La fiscalité actuelle n’est donc pas conforme à la Déclaration de 1789. Les impôts ne touchent pas les citoyenEs en fonction de leurs facultés. La TVA représente 53 % des recettes des impôts et la taxe sur les produits pétroliers 5 %. L’impôt sur le revenu rapporte 25 % des recettes et l’impôt sur les sociétés 9 %. La TVA reste la même pour touTEs les consommateurEs et les taxes sur les carburants augmentent. L’impôt sur le revenu est plus juste dans son principe car son taux est progressif (augmente avec le revenu) mais il est réduit par les niches fiscales, qui bénéficient largement aux plus riches, surtout quand ils ont des conseillers fiscaux ou peuvent directement discuter de leurs impôts avec Bercy. Ceci sans parler de la fraude qu’organisent les grandes fortunes : voir entre autres les « Panama papers » et Cahuzac. Macron a encore accru les injustices : suppression de l’essentiel de l’ISF et mise en place du prélèvement forfaitaire unique sur les revenus du capital, qui les sort de l’impôt sur le revenu et bénéficie aux plus grandes fortunes. Les dividendes et intérêts (déclarés) sont désormais taxés à un taux maximum de 30 %, contre 55 % pour les salaires et revenus d’activité non salariée.
Des dépenses en faveur des patrons
De plus, le revenu des impôts est trop utilisé pour des dépenses en faveur des patrons, comme les quelque 150 milliards par an d’aides aux entreprises en 2017. En 2019, ce sera plus : le CICE coûtera à lui seul environ 40 milliards d’euros.

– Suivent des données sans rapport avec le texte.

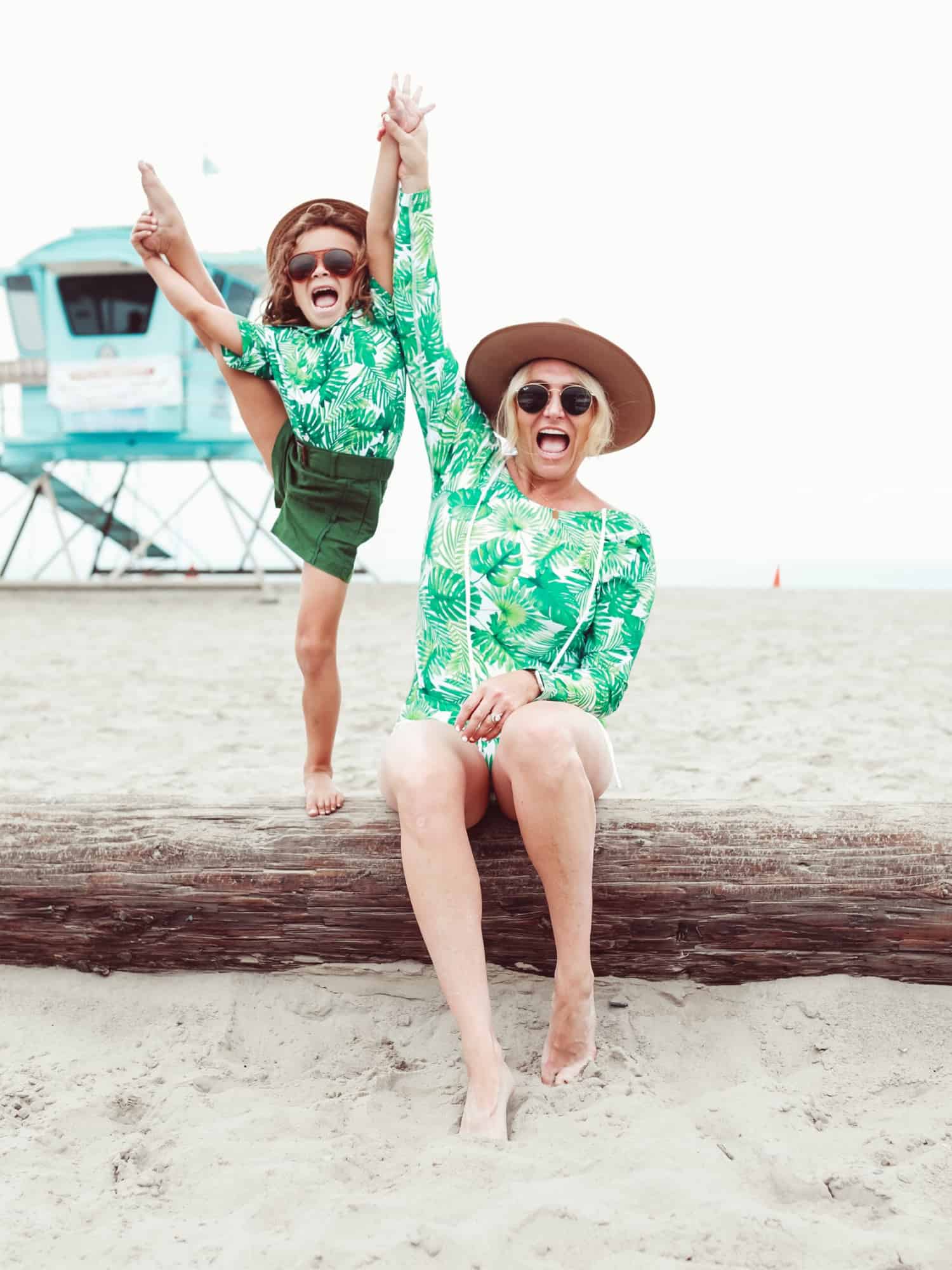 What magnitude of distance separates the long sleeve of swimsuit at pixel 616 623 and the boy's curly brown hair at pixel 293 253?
1152 millimetres

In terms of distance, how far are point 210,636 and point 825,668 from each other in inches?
248

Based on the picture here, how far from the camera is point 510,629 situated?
2.66 meters

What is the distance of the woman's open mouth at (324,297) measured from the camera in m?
3.21

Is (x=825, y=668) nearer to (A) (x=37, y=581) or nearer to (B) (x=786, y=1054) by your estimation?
(B) (x=786, y=1054)

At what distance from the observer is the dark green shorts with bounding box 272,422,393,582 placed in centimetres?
326

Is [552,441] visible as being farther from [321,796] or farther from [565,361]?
[321,796]

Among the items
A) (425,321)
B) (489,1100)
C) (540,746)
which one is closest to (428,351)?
(425,321)

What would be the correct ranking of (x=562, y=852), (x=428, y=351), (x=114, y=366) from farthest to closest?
(x=114, y=366)
(x=428, y=351)
(x=562, y=852)

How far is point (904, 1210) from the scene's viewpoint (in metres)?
1.82

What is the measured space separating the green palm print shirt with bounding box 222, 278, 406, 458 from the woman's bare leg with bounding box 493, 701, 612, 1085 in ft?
3.99

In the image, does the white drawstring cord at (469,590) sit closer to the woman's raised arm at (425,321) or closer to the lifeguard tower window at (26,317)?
the woman's raised arm at (425,321)

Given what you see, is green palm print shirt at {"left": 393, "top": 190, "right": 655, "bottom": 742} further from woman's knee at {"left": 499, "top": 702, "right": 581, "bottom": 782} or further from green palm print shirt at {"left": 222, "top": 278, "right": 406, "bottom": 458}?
green palm print shirt at {"left": 222, "top": 278, "right": 406, "bottom": 458}

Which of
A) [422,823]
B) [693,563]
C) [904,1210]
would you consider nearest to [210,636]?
[422,823]

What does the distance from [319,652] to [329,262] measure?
45.7 inches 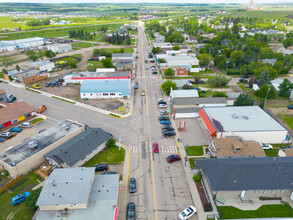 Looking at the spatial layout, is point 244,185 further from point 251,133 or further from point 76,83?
point 76,83

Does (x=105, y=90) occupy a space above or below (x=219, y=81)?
below

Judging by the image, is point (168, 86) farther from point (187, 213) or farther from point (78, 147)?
point (187, 213)

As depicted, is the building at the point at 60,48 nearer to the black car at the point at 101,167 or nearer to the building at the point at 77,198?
the black car at the point at 101,167

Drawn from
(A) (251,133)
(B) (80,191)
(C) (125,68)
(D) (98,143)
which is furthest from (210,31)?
(B) (80,191)


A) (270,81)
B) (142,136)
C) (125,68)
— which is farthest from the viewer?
(125,68)

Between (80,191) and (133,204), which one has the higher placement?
(80,191)

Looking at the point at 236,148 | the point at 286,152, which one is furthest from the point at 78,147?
the point at 286,152

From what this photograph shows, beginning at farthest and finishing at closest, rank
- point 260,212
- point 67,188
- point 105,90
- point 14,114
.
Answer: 1. point 105,90
2. point 14,114
3. point 260,212
4. point 67,188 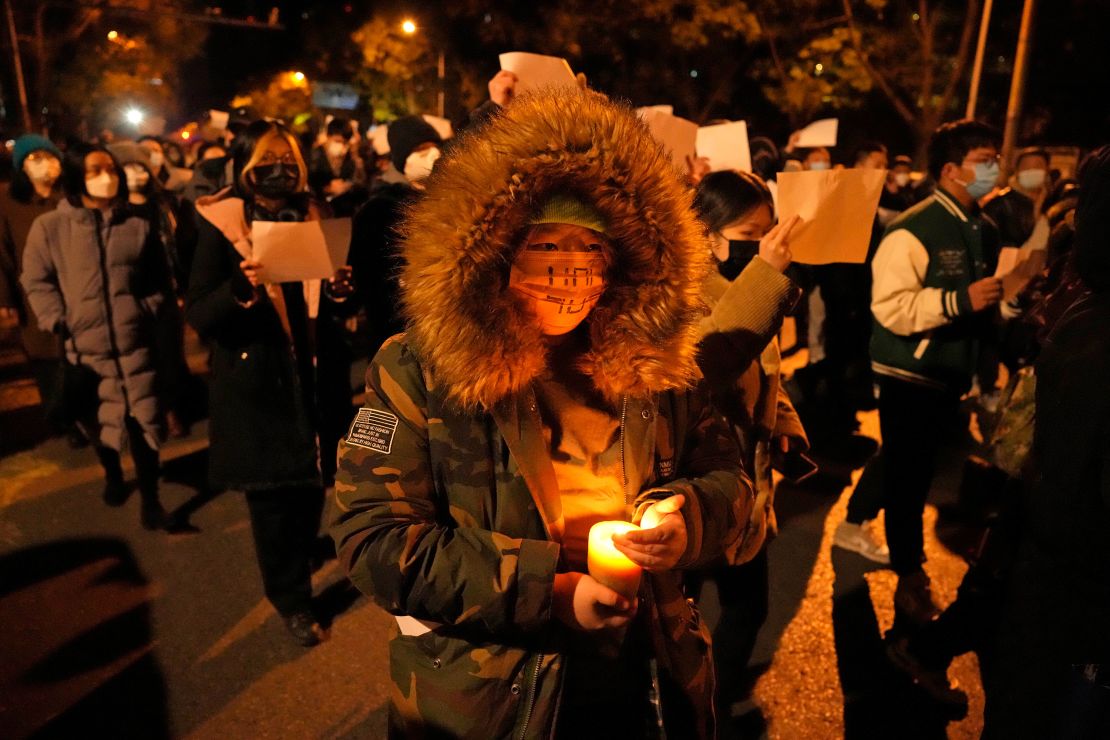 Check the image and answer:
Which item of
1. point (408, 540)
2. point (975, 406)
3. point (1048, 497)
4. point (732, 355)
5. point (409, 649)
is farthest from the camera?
point (975, 406)

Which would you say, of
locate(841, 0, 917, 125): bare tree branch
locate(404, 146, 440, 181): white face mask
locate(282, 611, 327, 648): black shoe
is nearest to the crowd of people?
locate(282, 611, 327, 648): black shoe

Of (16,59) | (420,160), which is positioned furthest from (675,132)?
(16,59)

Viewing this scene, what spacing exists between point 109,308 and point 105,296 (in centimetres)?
7

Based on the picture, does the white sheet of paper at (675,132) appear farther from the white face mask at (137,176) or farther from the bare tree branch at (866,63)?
A: the bare tree branch at (866,63)

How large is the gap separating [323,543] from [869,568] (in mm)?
3043

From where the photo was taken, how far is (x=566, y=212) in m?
1.63

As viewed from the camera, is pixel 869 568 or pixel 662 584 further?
pixel 869 568

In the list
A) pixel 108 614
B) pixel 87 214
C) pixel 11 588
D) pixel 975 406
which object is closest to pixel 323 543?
pixel 108 614

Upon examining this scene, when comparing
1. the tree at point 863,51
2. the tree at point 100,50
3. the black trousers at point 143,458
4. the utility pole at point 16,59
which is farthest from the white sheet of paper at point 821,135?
the tree at point 100,50

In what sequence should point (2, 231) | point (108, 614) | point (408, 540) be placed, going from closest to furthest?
point (408, 540)
point (108, 614)
point (2, 231)

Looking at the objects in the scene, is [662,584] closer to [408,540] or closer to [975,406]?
[408,540]

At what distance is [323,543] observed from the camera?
438cm

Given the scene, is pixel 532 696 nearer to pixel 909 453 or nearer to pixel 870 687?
pixel 870 687

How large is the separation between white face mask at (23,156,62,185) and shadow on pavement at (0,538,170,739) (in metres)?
3.03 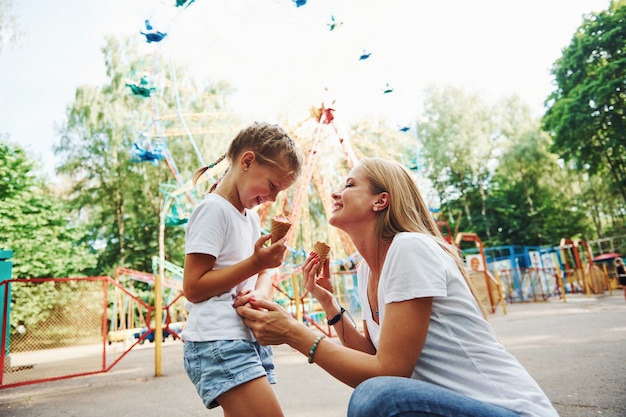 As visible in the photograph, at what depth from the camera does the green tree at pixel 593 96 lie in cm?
1972

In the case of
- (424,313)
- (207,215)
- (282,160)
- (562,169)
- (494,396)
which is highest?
(562,169)

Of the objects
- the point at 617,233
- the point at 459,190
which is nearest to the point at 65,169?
the point at 459,190

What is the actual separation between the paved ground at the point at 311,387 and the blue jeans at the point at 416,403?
1.95 metres

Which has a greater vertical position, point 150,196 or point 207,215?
point 150,196

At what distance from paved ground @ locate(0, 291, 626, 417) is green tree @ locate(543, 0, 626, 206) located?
58.6 ft

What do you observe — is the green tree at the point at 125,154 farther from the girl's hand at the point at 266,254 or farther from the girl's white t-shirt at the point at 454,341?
the girl's white t-shirt at the point at 454,341

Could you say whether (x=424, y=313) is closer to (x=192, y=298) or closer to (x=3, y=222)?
(x=192, y=298)

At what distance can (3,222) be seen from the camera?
14.9 metres

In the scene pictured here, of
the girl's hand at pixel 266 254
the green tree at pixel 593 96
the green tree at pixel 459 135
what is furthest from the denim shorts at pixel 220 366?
the green tree at pixel 459 135

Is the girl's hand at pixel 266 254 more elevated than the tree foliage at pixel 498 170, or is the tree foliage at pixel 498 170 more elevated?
the tree foliage at pixel 498 170

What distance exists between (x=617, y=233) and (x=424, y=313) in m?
34.5

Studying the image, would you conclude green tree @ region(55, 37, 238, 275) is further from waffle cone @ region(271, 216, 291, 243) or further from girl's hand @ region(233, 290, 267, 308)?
girl's hand @ region(233, 290, 267, 308)

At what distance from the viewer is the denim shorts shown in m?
1.33

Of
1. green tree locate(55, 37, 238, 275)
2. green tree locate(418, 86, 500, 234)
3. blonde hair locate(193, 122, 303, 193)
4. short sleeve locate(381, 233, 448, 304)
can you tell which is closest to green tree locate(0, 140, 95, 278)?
green tree locate(55, 37, 238, 275) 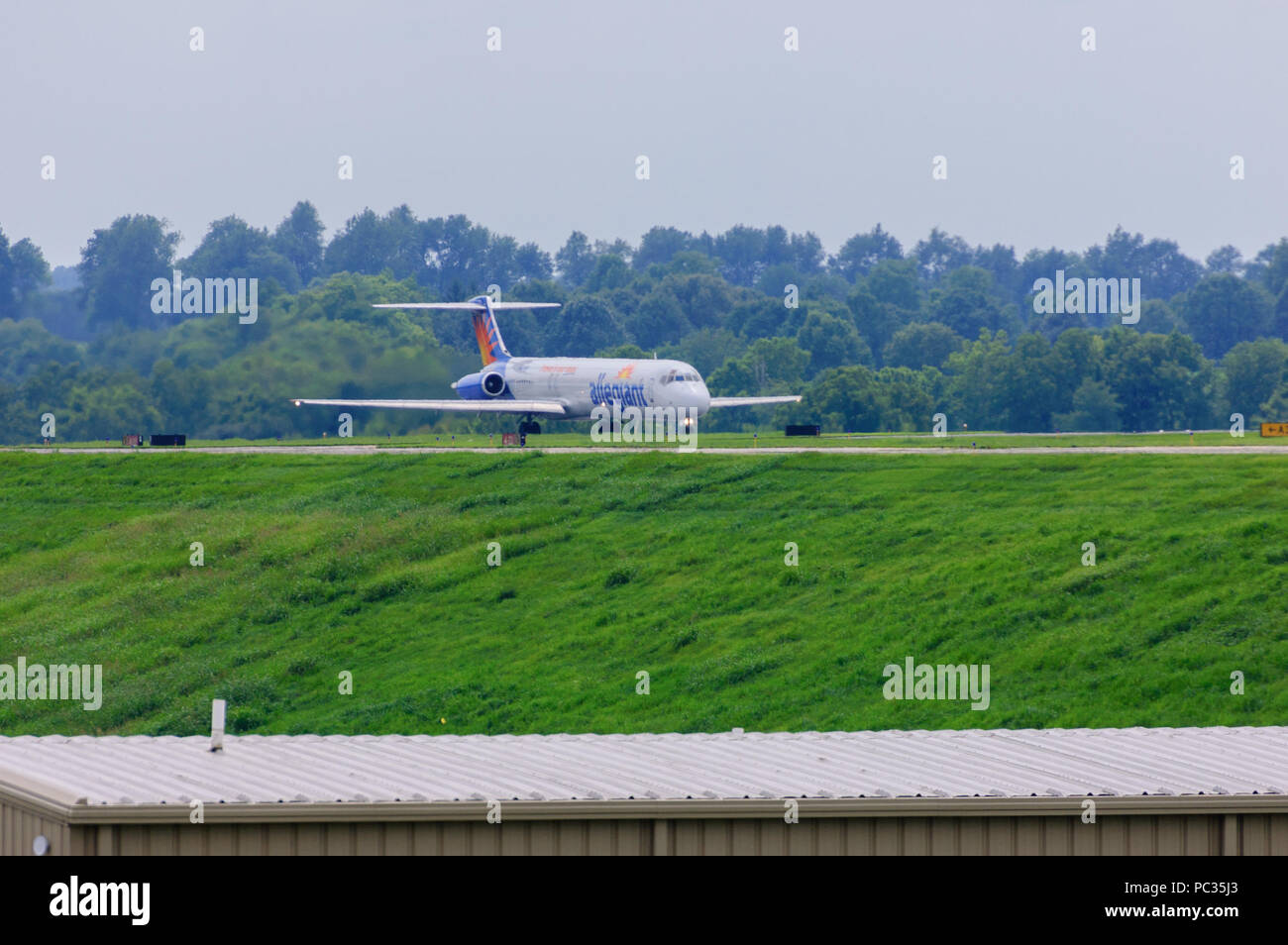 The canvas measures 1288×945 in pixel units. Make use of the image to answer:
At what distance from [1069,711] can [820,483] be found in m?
21.3

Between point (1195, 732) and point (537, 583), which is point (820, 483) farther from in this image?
point (1195, 732)

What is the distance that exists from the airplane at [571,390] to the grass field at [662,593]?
13.9 meters

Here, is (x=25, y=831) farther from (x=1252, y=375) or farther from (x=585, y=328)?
(x=585, y=328)

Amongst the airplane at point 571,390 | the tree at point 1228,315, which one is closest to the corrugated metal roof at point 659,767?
the airplane at point 571,390

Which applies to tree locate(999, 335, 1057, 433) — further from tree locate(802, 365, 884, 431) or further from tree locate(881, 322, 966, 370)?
tree locate(881, 322, 966, 370)

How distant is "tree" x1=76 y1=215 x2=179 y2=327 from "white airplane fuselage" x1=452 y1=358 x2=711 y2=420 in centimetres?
8747

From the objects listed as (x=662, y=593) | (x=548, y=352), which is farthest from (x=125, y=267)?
(x=662, y=593)

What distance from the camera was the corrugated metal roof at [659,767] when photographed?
19859mm

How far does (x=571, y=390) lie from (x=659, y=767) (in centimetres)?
7095

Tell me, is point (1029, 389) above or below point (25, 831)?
above

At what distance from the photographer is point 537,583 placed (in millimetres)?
60031

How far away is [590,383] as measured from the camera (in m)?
90.8

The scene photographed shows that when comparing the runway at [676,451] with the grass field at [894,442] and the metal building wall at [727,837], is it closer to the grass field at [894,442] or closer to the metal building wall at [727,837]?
the grass field at [894,442]

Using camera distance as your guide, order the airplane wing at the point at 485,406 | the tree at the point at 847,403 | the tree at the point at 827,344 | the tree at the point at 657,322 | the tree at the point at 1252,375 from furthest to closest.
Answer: the tree at the point at 657,322, the tree at the point at 827,344, the tree at the point at 1252,375, the tree at the point at 847,403, the airplane wing at the point at 485,406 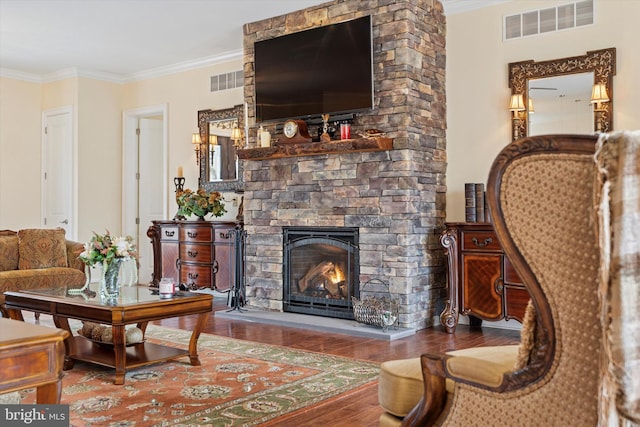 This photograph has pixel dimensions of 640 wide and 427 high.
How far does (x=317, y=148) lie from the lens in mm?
5355

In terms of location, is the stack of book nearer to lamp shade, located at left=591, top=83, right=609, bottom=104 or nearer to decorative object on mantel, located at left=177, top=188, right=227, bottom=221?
lamp shade, located at left=591, top=83, right=609, bottom=104

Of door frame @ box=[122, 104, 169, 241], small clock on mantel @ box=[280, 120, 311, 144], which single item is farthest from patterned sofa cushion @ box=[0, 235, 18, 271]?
small clock on mantel @ box=[280, 120, 311, 144]

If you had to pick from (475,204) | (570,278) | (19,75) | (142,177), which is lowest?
(570,278)

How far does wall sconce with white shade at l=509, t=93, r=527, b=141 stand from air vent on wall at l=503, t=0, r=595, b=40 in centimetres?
52

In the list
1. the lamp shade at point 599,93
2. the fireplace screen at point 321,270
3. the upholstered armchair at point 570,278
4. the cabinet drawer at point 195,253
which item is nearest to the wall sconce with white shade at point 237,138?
the cabinet drawer at point 195,253

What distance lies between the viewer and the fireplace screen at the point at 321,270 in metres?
5.39

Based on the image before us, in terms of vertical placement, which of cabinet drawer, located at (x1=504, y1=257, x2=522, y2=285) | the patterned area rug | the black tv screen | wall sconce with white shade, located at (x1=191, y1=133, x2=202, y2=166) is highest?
the black tv screen

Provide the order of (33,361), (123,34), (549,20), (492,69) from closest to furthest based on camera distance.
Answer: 1. (33,361)
2. (549,20)
3. (492,69)
4. (123,34)

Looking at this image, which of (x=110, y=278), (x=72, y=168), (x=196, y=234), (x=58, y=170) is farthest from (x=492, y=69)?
(x=58, y=170)

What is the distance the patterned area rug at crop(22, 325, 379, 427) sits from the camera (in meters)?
2.87

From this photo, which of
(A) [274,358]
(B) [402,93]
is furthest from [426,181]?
(A) [274,358]

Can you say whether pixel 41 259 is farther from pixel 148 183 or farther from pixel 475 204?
pixel 475 204

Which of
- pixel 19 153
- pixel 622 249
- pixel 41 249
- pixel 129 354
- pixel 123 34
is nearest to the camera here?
pixel 622 249

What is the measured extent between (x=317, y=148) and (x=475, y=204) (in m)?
1.38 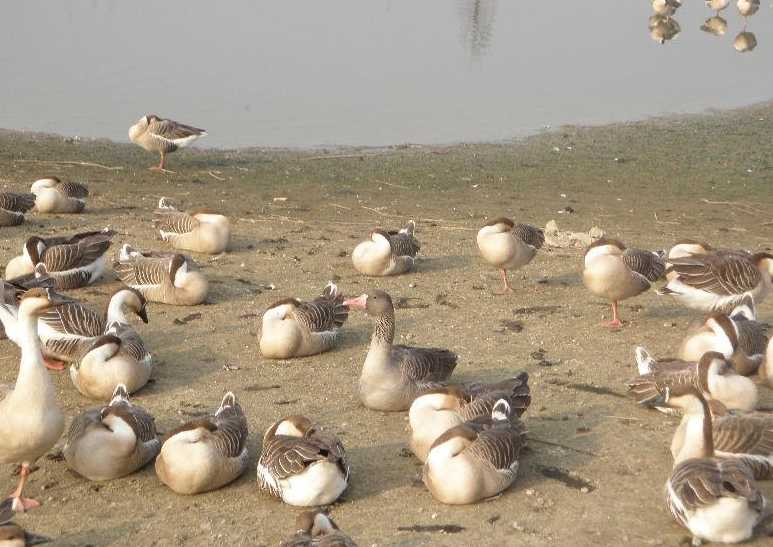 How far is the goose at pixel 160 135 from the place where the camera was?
66.2ft

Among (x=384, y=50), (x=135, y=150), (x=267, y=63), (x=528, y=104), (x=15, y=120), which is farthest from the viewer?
(x=384, y=50)

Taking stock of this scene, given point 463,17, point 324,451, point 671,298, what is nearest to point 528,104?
point 463,17

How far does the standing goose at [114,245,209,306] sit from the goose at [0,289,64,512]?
408cm

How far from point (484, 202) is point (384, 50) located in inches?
717

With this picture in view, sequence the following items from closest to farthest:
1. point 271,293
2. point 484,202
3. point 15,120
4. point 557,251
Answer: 1. point 271,293
2. point 557,251
3. point 484,202
4. point 15,120

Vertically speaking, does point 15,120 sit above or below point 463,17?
below

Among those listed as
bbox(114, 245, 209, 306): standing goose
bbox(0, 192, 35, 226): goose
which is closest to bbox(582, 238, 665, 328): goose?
bbox(114, 245, 209, 306): standing goose

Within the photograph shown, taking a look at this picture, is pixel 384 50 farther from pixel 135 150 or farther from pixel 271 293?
pixel 271 293

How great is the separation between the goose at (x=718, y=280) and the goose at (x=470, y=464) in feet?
14.2

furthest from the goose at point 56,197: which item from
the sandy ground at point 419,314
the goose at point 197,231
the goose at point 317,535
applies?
the goose at point 317,535

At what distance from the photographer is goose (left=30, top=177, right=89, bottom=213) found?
15.9 meters

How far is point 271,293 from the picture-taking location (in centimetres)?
1302

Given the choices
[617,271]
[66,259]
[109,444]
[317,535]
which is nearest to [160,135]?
[66,259]

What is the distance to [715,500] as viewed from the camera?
6.96m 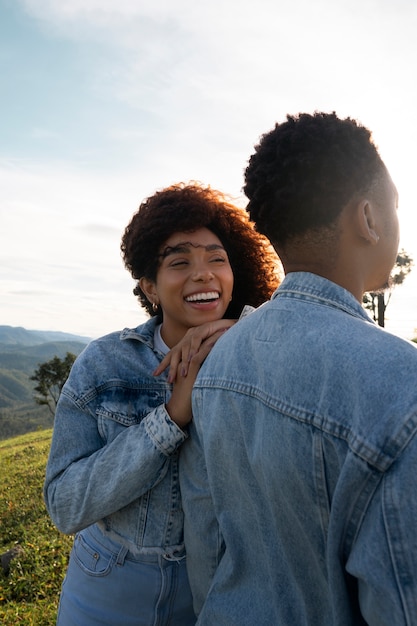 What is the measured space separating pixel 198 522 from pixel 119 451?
50 cm

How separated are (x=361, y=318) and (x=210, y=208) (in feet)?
4.98

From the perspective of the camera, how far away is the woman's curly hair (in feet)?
9.63

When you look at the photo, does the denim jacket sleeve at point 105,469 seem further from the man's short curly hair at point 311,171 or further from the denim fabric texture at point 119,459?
the man's short curly hair at point 311,171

Mais sans impôts, pas de services publics. Donc l’objectif n’est pas de baisser les impôts comme le susurre Macron dans sa lettre : il faut qu’ils soient justes et servent à un fonctionnement correct des services publics utiles à la population. Or, les services publics sont attaqués pour compenser les baisses d’impôts en faveur des grandes entreprises et des plus riches. Pour accéder aux services publics dans les petites villes, les villages, il faut faire des distances de plus en plus longues. Les banlieues des grandes villes sont aussi victimes de ces économies. Les impôts y apparaissent de moins en moins comme la contrepartie des services publics mais comme des dépenses supplémentaires auxquelles les plus riches échappent.
Des mesures d’urgence
Derrière la dénonciation des injustices fiscales, c’est donc en réalité une contestation profonde des politiques de Macron, qui court dans les pas de ses prédécesseurs, qui s’exprime. À cet égard, ce sont les mesures d’urgence suivantes qui devraient être au centre du « Grand débat » :
– La hausse du SMIC et des retraites. Cette question n’apparaît pas dans la lettre de Macron, mais elle est essentielle. Pour le SMIC et les salaires en général, il faut une vraie augmentation : pas un tour de passe-passe avec la prime d’activité (qui ne concerne pas touTEs les smicardEs et ne compte pas pour la retraite) ou la suppression des impôts et cotisations sur les heures supplémentaires qui incitent à faire faire des heures supplémentaires plutôt qu’à embaucher.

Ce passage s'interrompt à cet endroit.